#### Data
▽

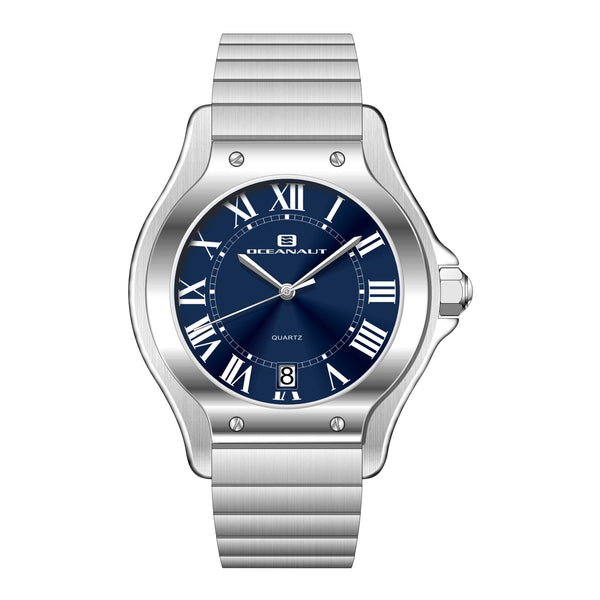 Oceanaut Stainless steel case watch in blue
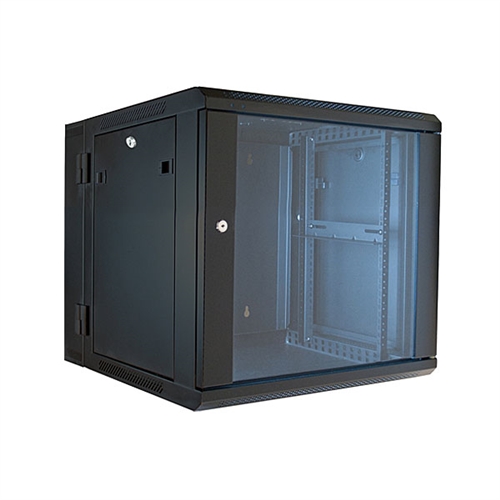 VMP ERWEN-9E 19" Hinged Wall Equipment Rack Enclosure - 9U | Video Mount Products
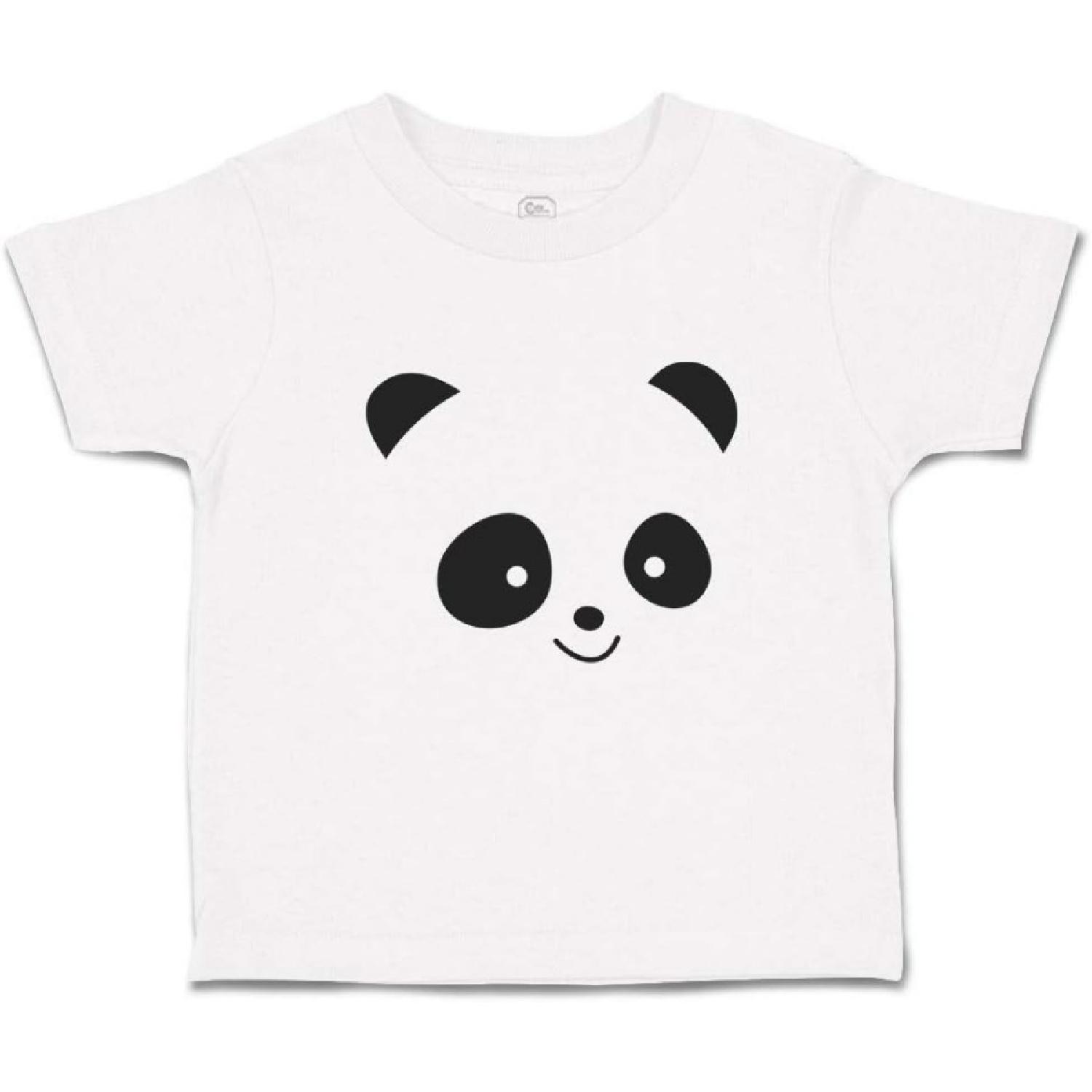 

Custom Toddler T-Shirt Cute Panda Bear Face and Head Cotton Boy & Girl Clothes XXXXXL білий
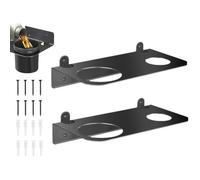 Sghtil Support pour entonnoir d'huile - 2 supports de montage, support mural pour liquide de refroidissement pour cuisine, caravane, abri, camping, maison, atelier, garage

△
▽

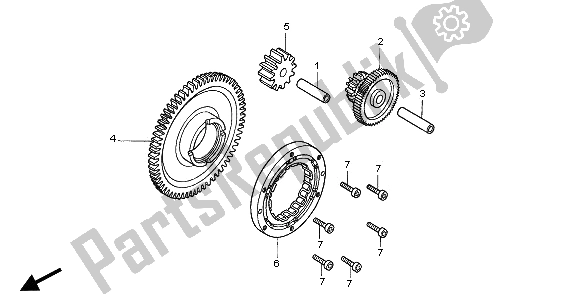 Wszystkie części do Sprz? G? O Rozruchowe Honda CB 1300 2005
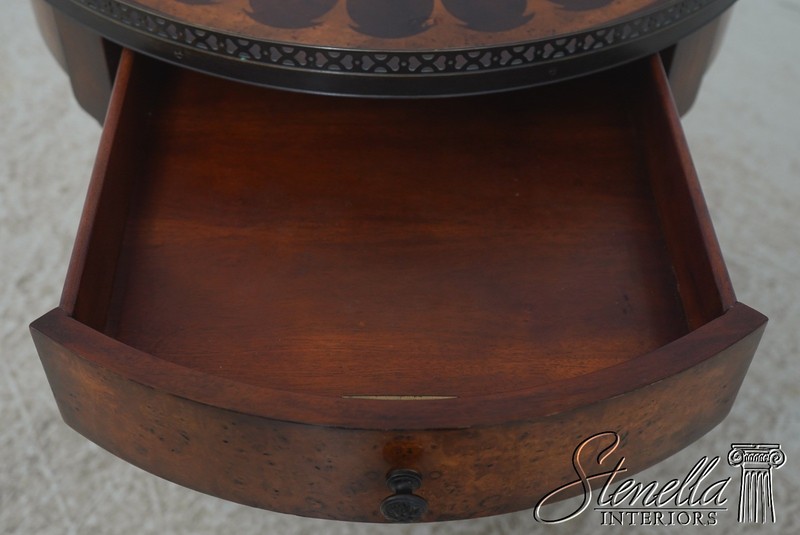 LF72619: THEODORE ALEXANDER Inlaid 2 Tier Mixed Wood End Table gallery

△

Your answer should consist of the lines above between those holding "Video Mount Products" and "Sghtil Support pour", inclusive, reproduced word for word and without pictures.

 VMP ERWEN-9E 19" Hinged Wall Equipment Rack Enclosure - 9U | Video Mount Products

Custom Toddler T-Shirt Cute Panda Bear Face and Head Cotton Boy & Girl Clothes XXXXXL білий
 Sghtil Support pour entonnoir d'huile - 2 supports de montage, support mural pour liquide de refroidissement pour cuisine, caravane, abri, camping, maison, atelier, garage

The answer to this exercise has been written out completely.